Monday, 13 April 2009

BT Global Services - Part 6

(By Richard Holway 4.00pm 13th Apr 09) Last week I was emailed by a journalist who had been notified by a BT contractor that his rates were being cut by 30%. I was asked if this was true. I couldn’t verify it. But, judging by the Press Association report of 10th Apr 09 - BT cuts contractor wages – it now seems to have been confirmed. A few months ago BT Global Services ended the contracts of some 6000 IT contractors. This is on top of the one-year pay free for all BT’s workers.

Although a 30% cut is on the high side, Capgemini and others have already gone down similar routes. Also last Friday it was announced that Qinetiq was also introducing a pay free.

On the subject of BT Global Services, I was quoted in Silicon.com last week - BT deal quashes rumours of IT pull out – saying that “there was talk of BT having to make £1.7bn-worth of contingencies on its NHS IT contracts". I pointed out to the reporter, Nick Heath, that the £1.7b of contingencies related to all 17 ‘problem’ BT Global Services contracts – not just the NHS. And that the £1.7b wasn’t my figure anyway.

For the record, can I requote my ‘original’ HotViews piece of 2nd Apr. “It was not just the ex-Fujitsu sites that were being negotiated - it was the whole exposure that BT had to the NHS IT Programme. Readers will recall that BT Global Services had already had to announce provisions of £340m towards contract overruns on 15 out of 17 ‘problem’ contracts but had not announced the provisions required on the remaining two - one of which was the NHS. Rumours of the likely total provisions ranged all the way up to £1.7b. The fact that this agreement was nailed in the very last hour of BT’s Financial Year means that a more realistic provision figure can be announced with BT’s finals in May.”

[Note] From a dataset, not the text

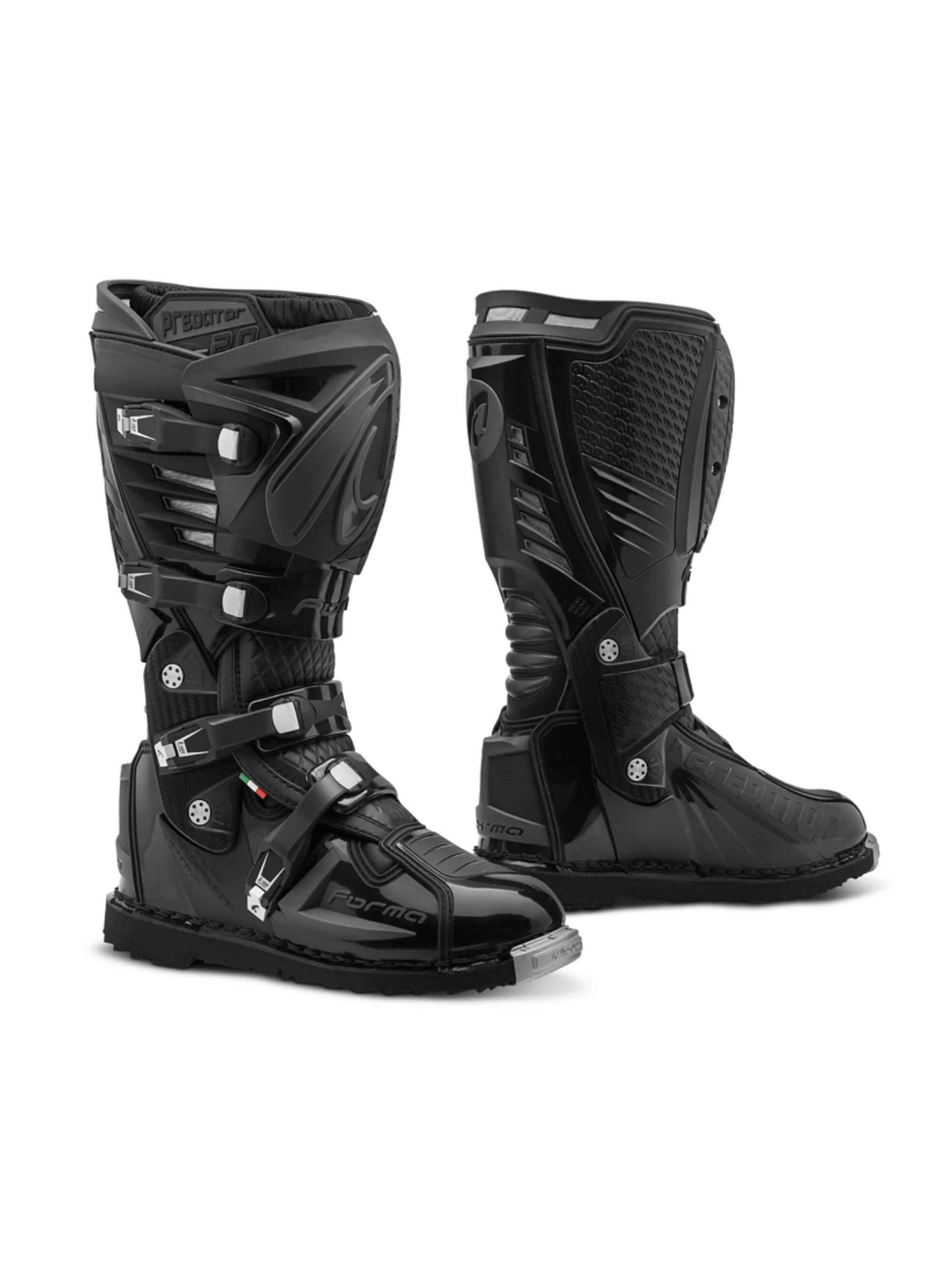 Forma Botas De Motocross y Enduro Predator 2.0 Negro / Negro-ProCircuit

That is still the situation as far as I understand it. Who knows what the total provisions will be but I wouldn’t be surprised if they topped £1b. It is all a pretty sad indictment on BT Global Services' previous senior executives that this situation has arisen.

There are many articles on BT in the weekend papers. Perhaps one of the more ‘interesting’ is The Agenda piece in the Sunday Times.- Accountants now make the calls at BT. The article seemed to pin all the blame on Francois Barrault – which seems a lttle unfair as the problem contracts pre-date his 18-month tenure as CEO by several years. However, I did rather like “We are discovering it was a trick of the light. In the Verwaayen era it appears BT was long on strategy, spin and optimism, but short on financial delivery”.

The Sunday Times article included the following paragraph:

"Sir Michael Rake, BT’s chairman, and Ian Livingston, his chief executive who took over last June, will use next month’s results to draw a line under BT’s past and tackle Global Services once and for all. It could still be a growth engine, but not if the overoptimistic profit assumptions built into its two largest contracts aren’t rewritten. In good times these operations can be sold as one-time sales. If that was true today it would be the same as BT’s market value. That is before you include the group’s other divisions."

I’m not quite sure where John Waples (the author of the piece) got this 1x revenue figure from! CSC trades on a PSR of 0.35 as does Logica. Capgemini is on 0.42. HP paid $13.9b for EDS’ $22.1b – ie a PSR of 0.62. Even the highest of the lot, Accenture, is on 0.75. If anyone currently valued BT Global Services at more than a PSR of 0.5, I’d eat my hat.

I guess we will all have to wait until the May full year results announcement to learn the full 'bloody' picture.